RECORD SET |
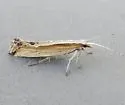 Plutella armoraciae - Hodges#2358
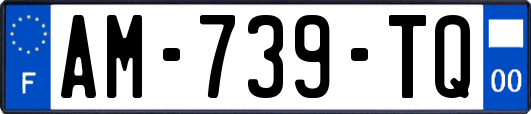 AM-739-TQ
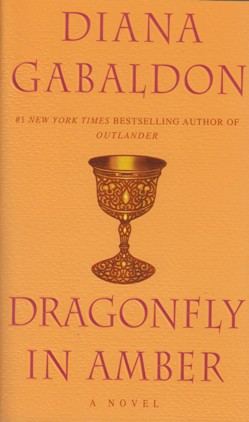 Dragonfly in Amber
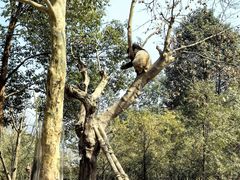 -都江堰中华大熊猫苑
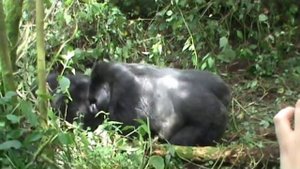 Trekking Mountain Gorillas in the Virungas, Rwanda.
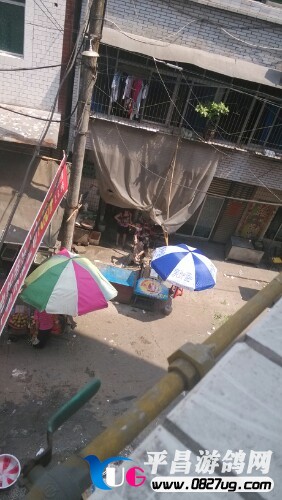 IMG20130821113112.jpg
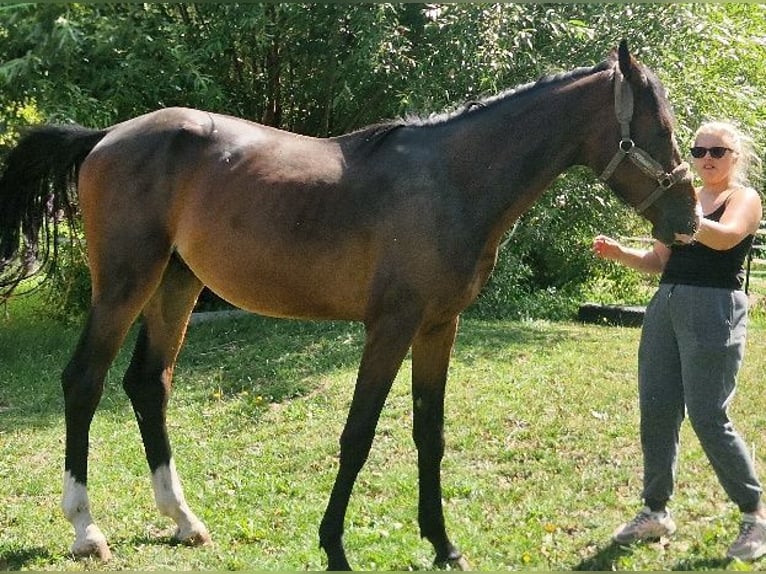 Holsteiner Wallach 2 Jahre 169 cm Brauner in Wonfurt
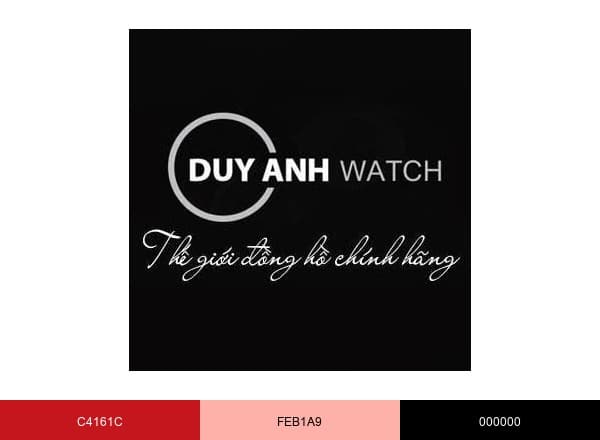 Đồng Hồ Duy Anh brand color palette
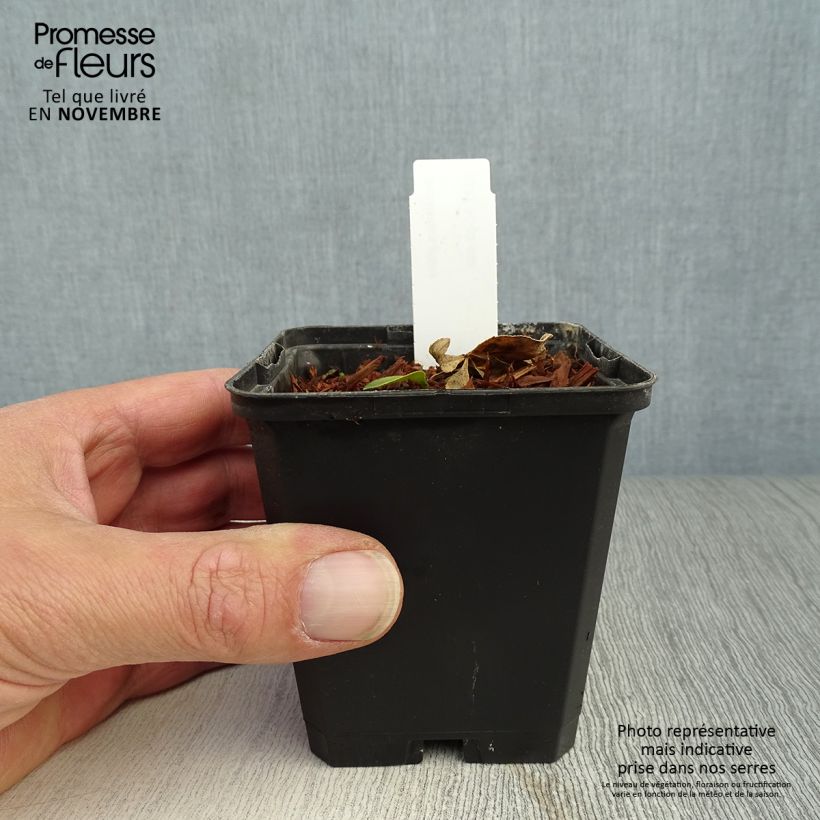 Esemplare di Dictamnus albus - Dittamo Vasetto da 8/9 cm come consegnato in autunno
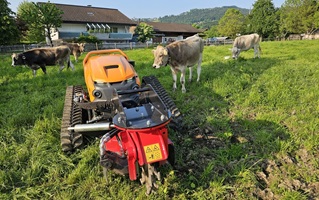 Mähraupe, MDB LV600, Wurzelstockfräsen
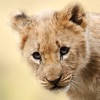 Baby Animal Wallpapers Baby Animal Wallpapers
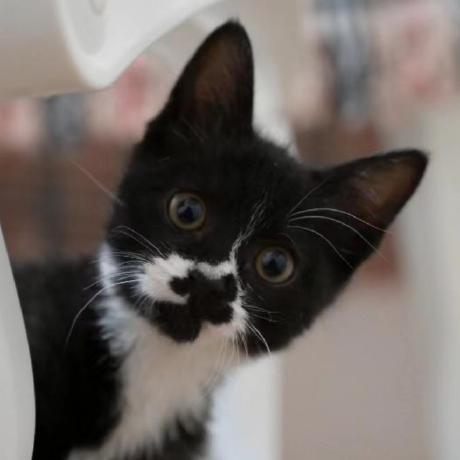 Blinkdl Peng Bo Github - Desktop Space Designs for Desktop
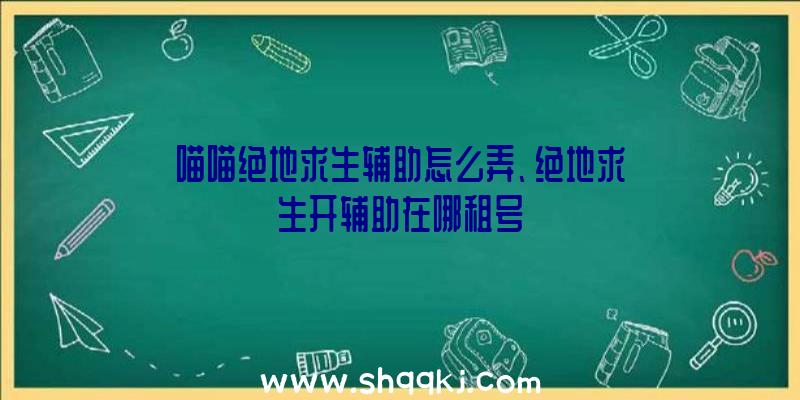 喵喵绝地求生辅助怎么弄、绝地求生开辅助在哪租号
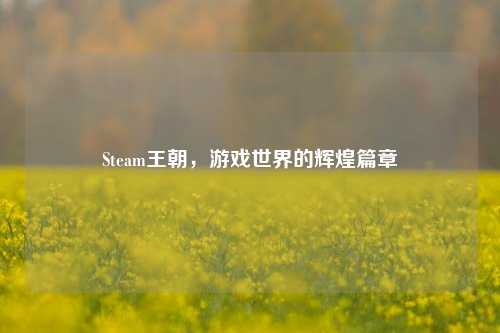 Steam王朝,游戏世界的辉煌篇章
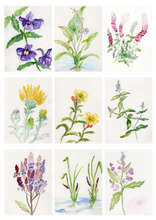 Load image into Gallery viewer, Watercolor Workshop {Thurs, May 22, 6pm}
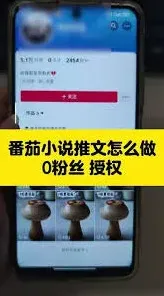 番茄小说入驻平台教程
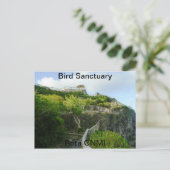 Carte Postale Refuge d'oiseaux (Debout devant)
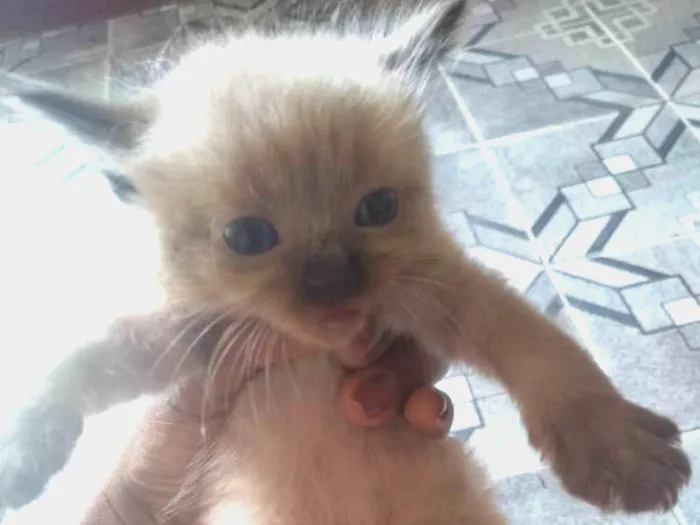 Gato ra a Siamês idade Abaixo de 2 meses nome Ainda não tem 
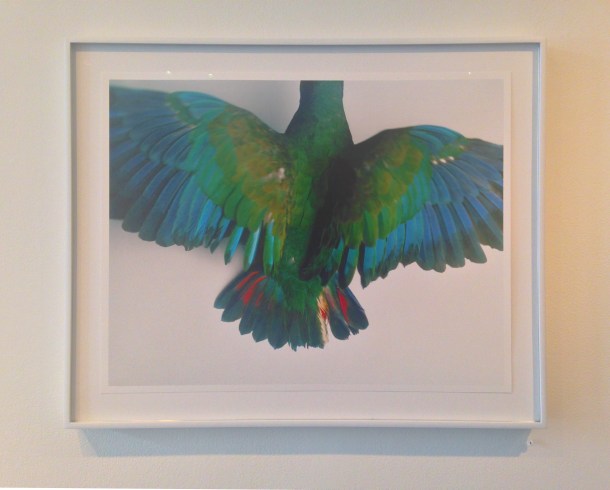 Yola Monakhov Stockton at Aviary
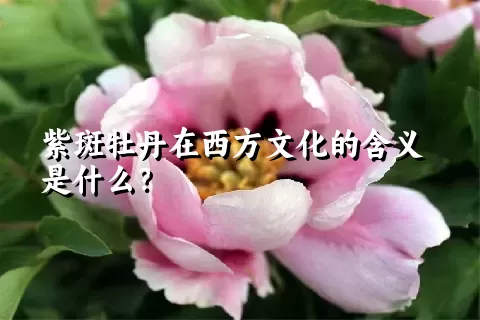 紫斑牡丹在西方文化的含义是什么？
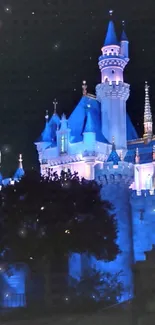 Illuminated castle with blue tones at night, creating a magical scene.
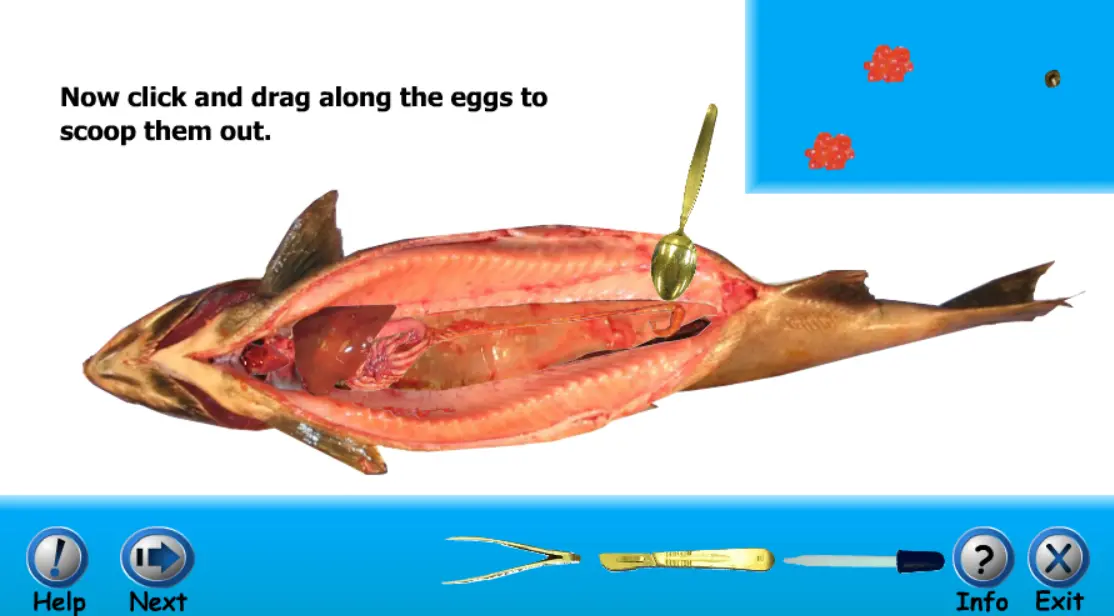 Salmon Dissection Game!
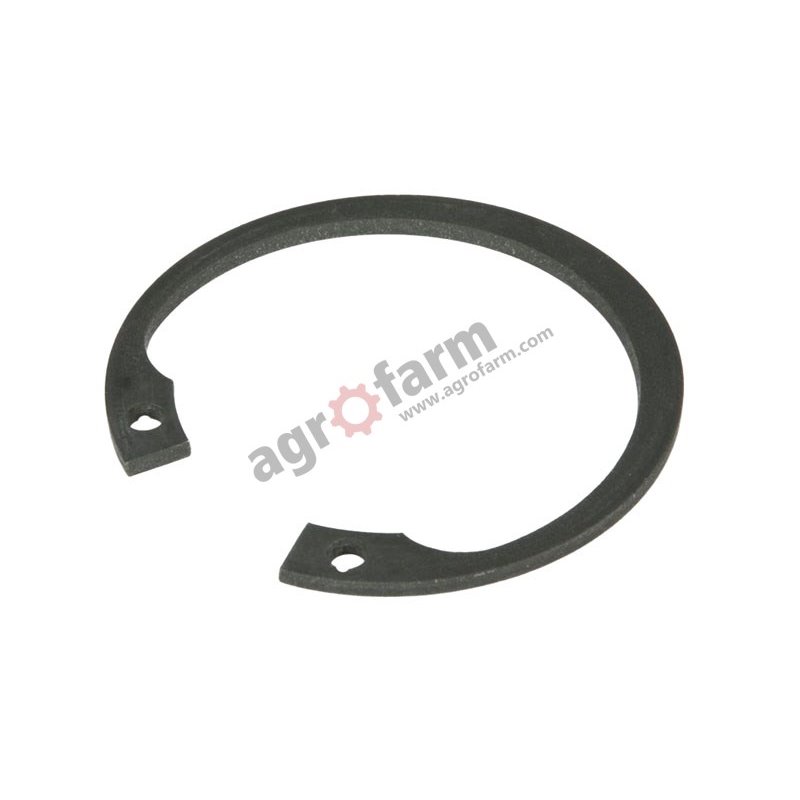 CIRCLIP / AGCO PROTECTION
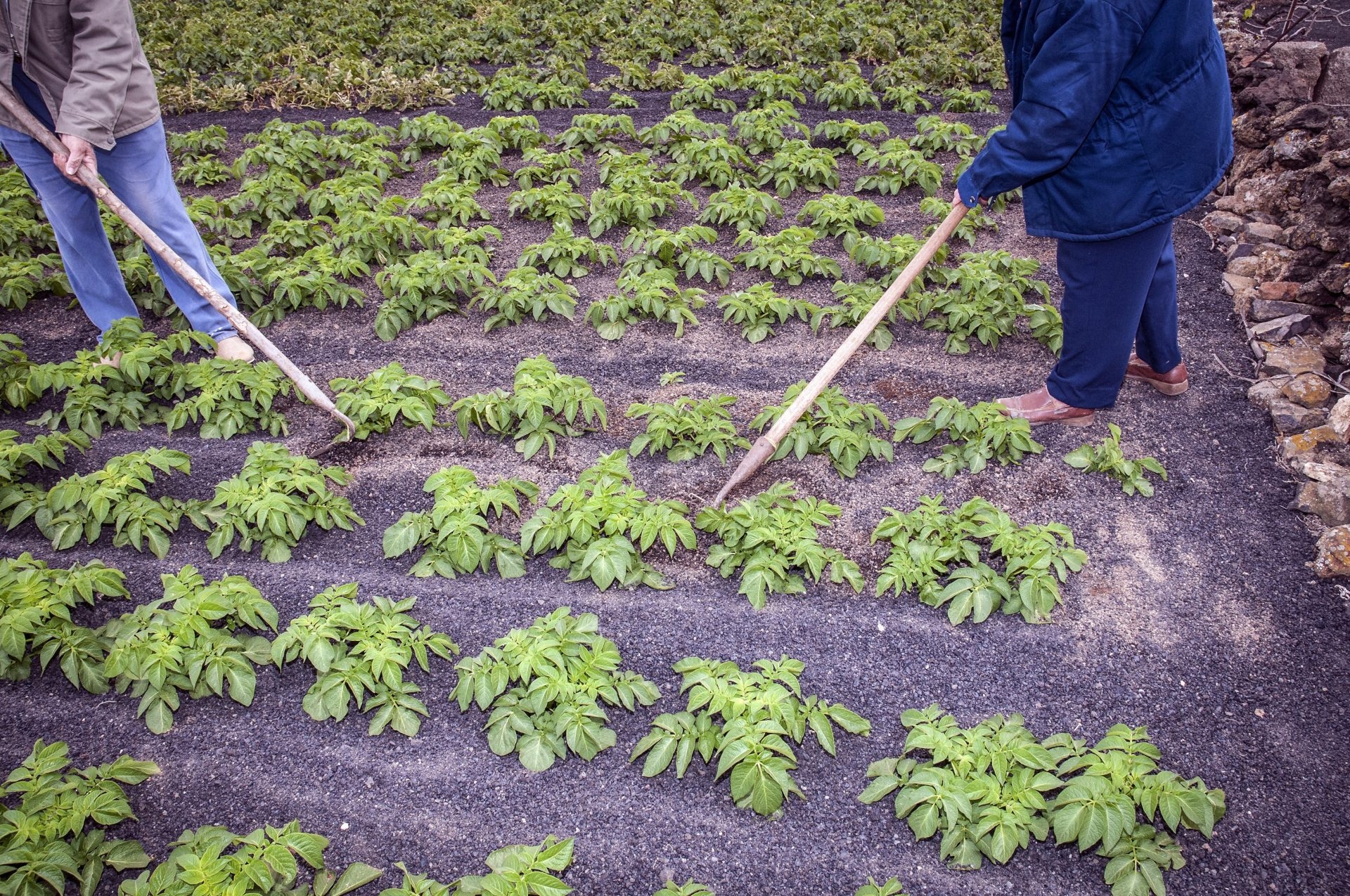 Arraigada en la tradición, orientada hacia al futuro: la agricultura tradicional como solución climática. Por Qu Dongyu (director general de la FAO)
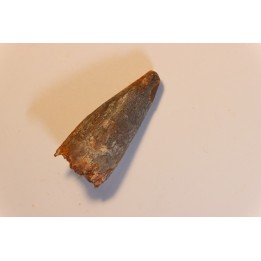 dent de dinosaure SPINOSAURUS AEGYPTIACUS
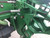 http://used.rdoequipment.com/getImageS2.cfm?imgID=12087488&filename=11_IMG_2227.jpg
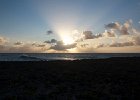 IMG 2487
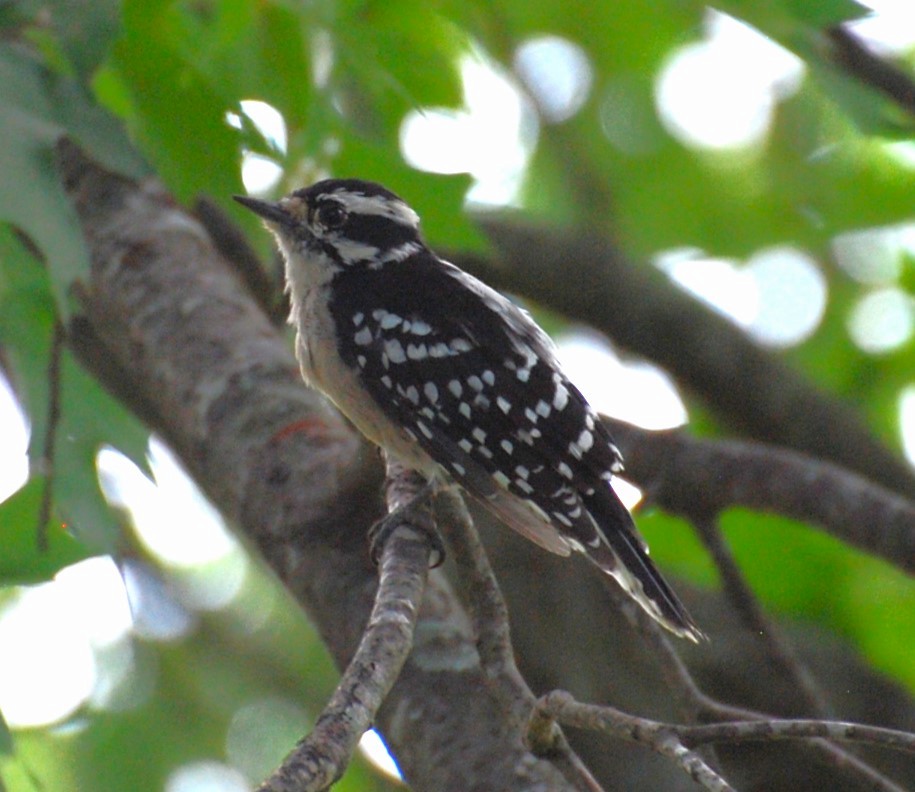 Downy Woodpecker - ML622142455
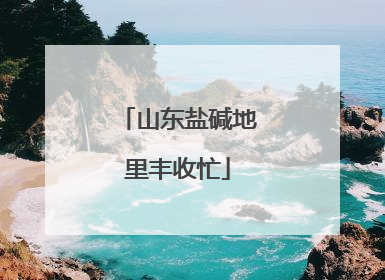 山东盐碱地里丰收忙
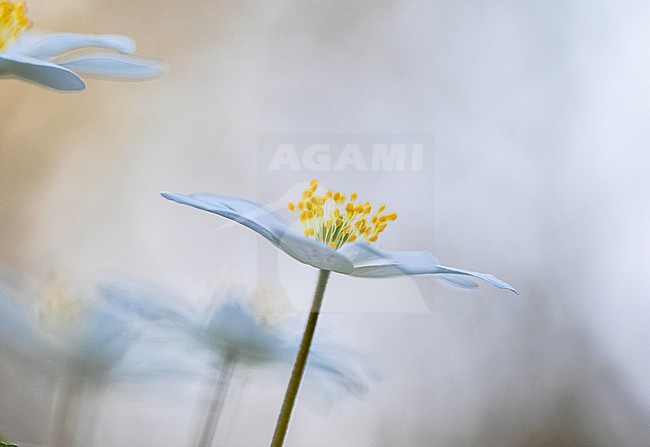 Close-up of Wood anemone flowers stock-image by Agami/Wil Leurs,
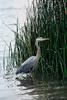 Great Blue Heron (Ardea herodias)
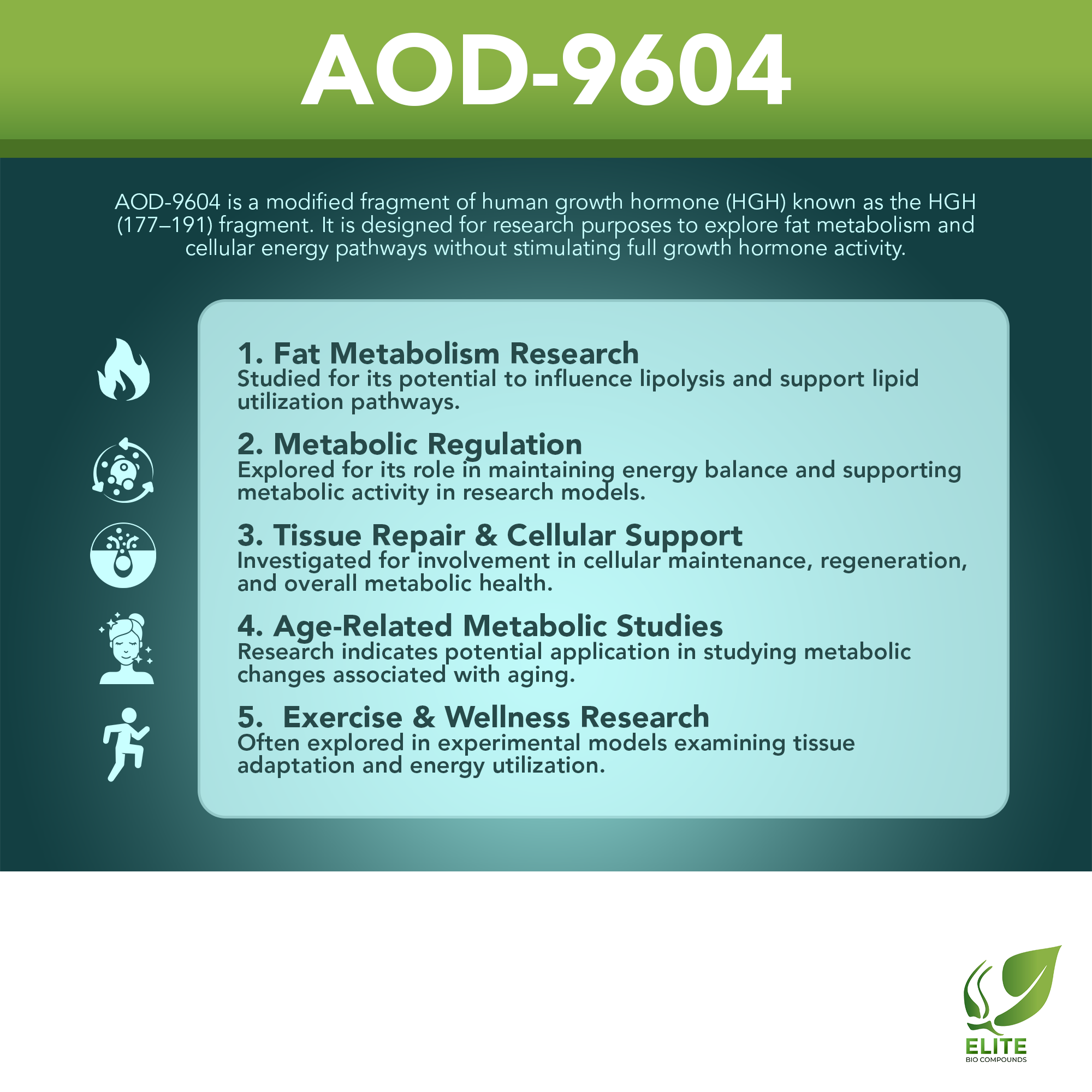 AOD-9604 (5 mg) | Body Composition, Fat Metabolism & Weight Support | COA Verified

YOUR TASK |
Nothing but the lines from the one containing "Mähraupe, MDB LV600, Wurzelstockfräsen" through the final line of the records, both included and copied exactly, should appear in the answer; pictures stay out.

RESULT OF THIS EXERCISE |
 Mähraupe, MDB LV600, Wurzelstockfräsen
 Baby Animal Wallpapers Baby Animal Wallpapers
 Blinkdl Peng Bo Github - Desktop Space Designs for Desktop
 喵喵绝地求生辅助怎么弄、绝地求生开辅助在哪租号
 Steam王朝,游戏世界的辉煌篇章
 Load image into Gallery viewer, Watercolor Workshop {Thurs, May 22, 6pm}
 番茄小说入驻平台教程
 Carte Postale Refuge d'oiseaux (Debout devant)
 Gato ra a Siamês idade Abaixo de 2 meses nome Ainda não tem 
 Yola Monakhov Stockton at Aviary
 紫斑牡丹在西方文化的含义是什么？
 Illuminated castle with blue tones at night, creating a magical scene.
 Salmon Dissection Game!
 CIRCLIP / AGCO PROTECTION
 Arraigada en la tradición, orientada hacia al futuro: la agricultura tradicional como solución climática. Por Qu Dongyu (director general de la FAO)
 dent de dinosaure SPINOSAURUS AEGYPTIACUS
 http://used.rdoequipment.com/getImageS2.cfm?imgID=12087488&filename=11_IMG_2227.jpg
 IMG 2487
 Downy Woodpecker - ML622142455
 山东盐碱地里丰收忙
 Close-up of Wood anemone flowers stock-image by Agami/Wil Leurs,
 Great Blue Heron (Ardea herodias)
 AOD-9604 (5 mg) | Body Composition, Fat Metabolism & Weight Support | COA Verified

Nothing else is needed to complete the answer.